Loki considers all the things he could say to her. She is not old enough to understand an apology – to connect Loki's claim of culpability to her mother's death at the hands of Chituari warriors. She seeks succor, but Loki is in no mood to spoon her lies about an immediate future that won't be difficult and miserable. Throughout his entire childhood and over a thousand years longer he was spoonfed lies under the auspices of mercy, an act far crueler than his parents – though, now lucid, he can no longer deny to himself that they loved him – could know.

"It's going to be hard for you," he tells her. While still sobbing, the child's body language tells him she attends to him. "It will be hard, and you will be frightened. You'll be confused, and lost, and you will hurt and your life will never be the same: but you _will_ survive this," he promises.

They are none of them words she wants to hear. Frustrated, she balls her little fists up and shrieks at the top of her tiny lungs. Her scream echoes off the scorched and shattered faces of the surrounding buildings.

A child's scream is, of course, enough to command the Avengers' attention. Captain America sticks his blonde head out the door of the restaurant. Another few moments and the captain and Loki's brother are striding to them with faces darkened by suspicion.

Captain America softens utterly as he crouches next to the girl, asking "Are you alright?" in kind concern.

Thor has interposed himself between the child and Loki and looks powerfully annoyed – a sentiment that Loki silently echoes, having done the girl no wrong.

The girl is inconsolable. She screams again in a voice that tears at her throat, beating her fists against the pavement. Captain America begins making hushing sounds and picks her up for her own good, although she thrashes and starts to yell "Leggo, leggo, leggo!"

Now everyone, including the staff of the food establishment, is outside on the street. Save for the Black Widow, stalking over with determination on her face, the rest of the Avengers do not approach, but Loki can read the disapproval in their body language from here.

Loki begins to laugh.

Mirth, though hysterical, has overwhelmed him. His body shakes with the laughter that's falling out of him like an avalanche.

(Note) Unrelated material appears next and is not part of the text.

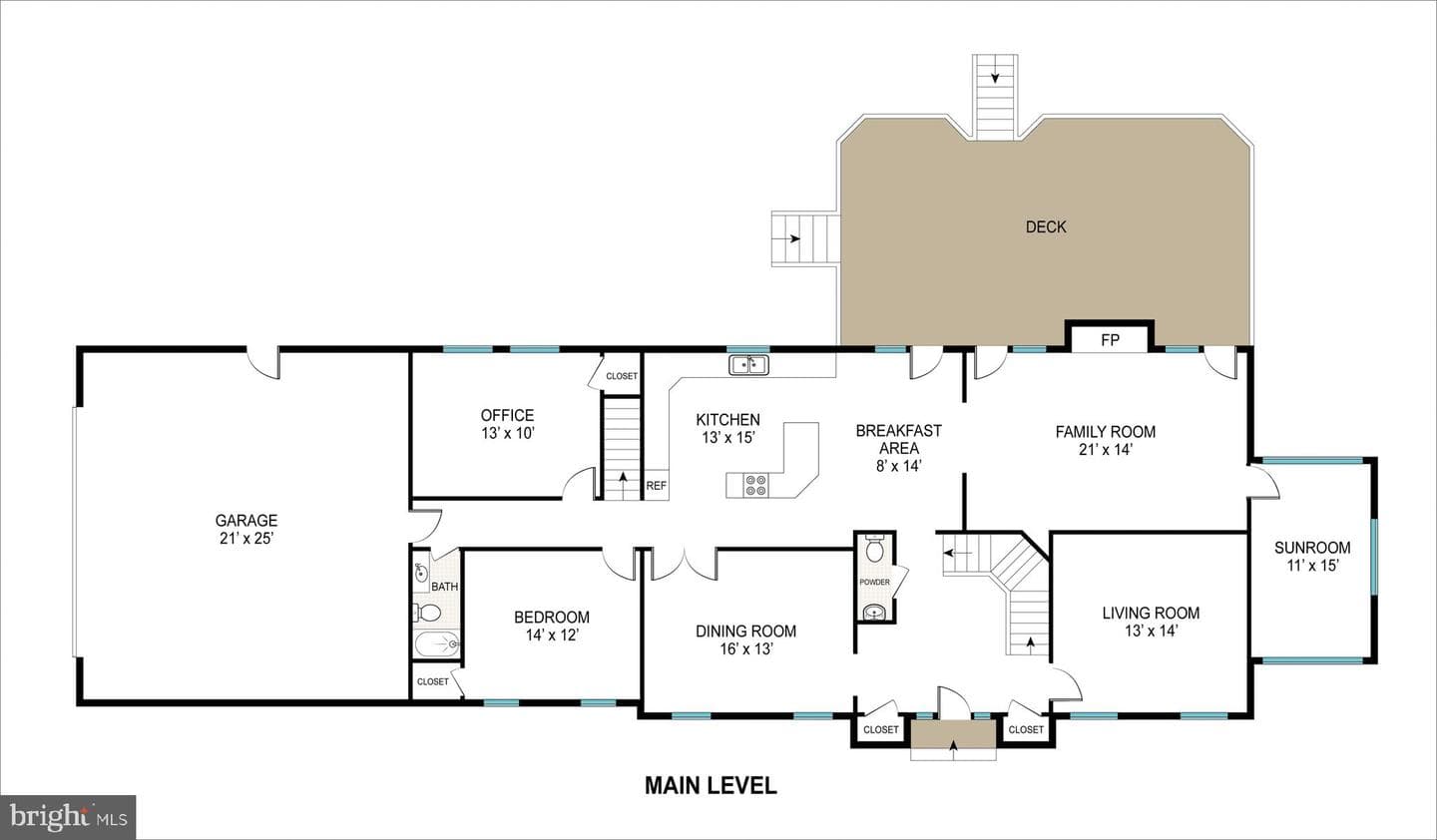 8 Henderson Hill Court photo 16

Thor's amazed, appalled and just-slightly-frightened face only redoubles it.

Loki falls helplessly onto his side, face turned toward the asphalt, his boots futilely scraping the pavement. He's worse immobilized this way, but no matter. He wasn't going anywhere to begin with.

Thor, who has seen many men and women go mad from war, is shaken from his stupor by Loki's collapse. He crouches beside Loki, stroking his hair and his shoulder with one strong hand, murmuring "I am with you" in their native tongue. It is no balm to Loki.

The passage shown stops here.